Folderit’s pricing-related content also states that Folderit eSign is included in its plans rather than sold as a completely separate standalone cost layer, and that adds another part of the value equation.
So the sales message here is not just that Folderit is cheap. It is that Folderit is cheap in a market where many alternatives charge substantially more while still framing core business functions as premium extras.
What this means for a typical SME budget
For a small or midsize business, software decisions are rarely made in isolation. The cost of a DMS is competing against everything else on the budget: accounting software, CRM, Microsoft licenses, communication tools, cybersecurity, and all the rest.
That is why pricing psychology matters so much. A DMS that costs $200 to $300 per month may still be worth it, but it is much harder to approve than one that lands under $100 while still covering real document control needs.
Folderit’s 10-user pricing sits in a range that feels unusually accessible. It lowers the barrier to adopting a serious DMS earlier, before the business has become large enough to feel forced into the decision by pain.
That is a major advantage in itself. The sooner a company gets proper search, version control, permissions, workflows, reminders, and auditability into place, the less chaos it has to grow through.
So what should SMEs expect to pay?
They should expect the market to be full of per-user pricing. They should expect many tools to climb into the $10 to $25+ per user per month range once the product is genuinely business-ready. They should expect some well-known platforms to end up around $160, $200, or $250 per month for a 10-user team, and some enterprise products to go much higher.

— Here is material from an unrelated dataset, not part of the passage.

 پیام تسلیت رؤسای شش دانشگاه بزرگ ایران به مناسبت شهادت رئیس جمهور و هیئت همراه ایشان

And they should also know that Folderit breaks that pattern in a very favorable way.
For up to 10 users, Folderit’s Medium plan is $100 per month. In practical terms, that is the kind of number that makes an SME buyer think, “Wait, that’s it?”
That is exactly the reaction a strong pricing story should create.
A lot of document management vendors want buyers to accept high pricing as normal. Sometimes that is justified. Often it is just market habit.
Folderit makes a much stronger case for SMEs because the pricing stays grounded in business reality. If your team needs a true document management system and you want a budget that still feels sensible, Folderit is not just competitive. It looks like one of the best-value deals in the segment.
For a 10-user team, getting started below $100 per month is already attention-grabbing. When that price also comes with serious DMS capability, it starts looking less like a compromise and more like a very smart buy.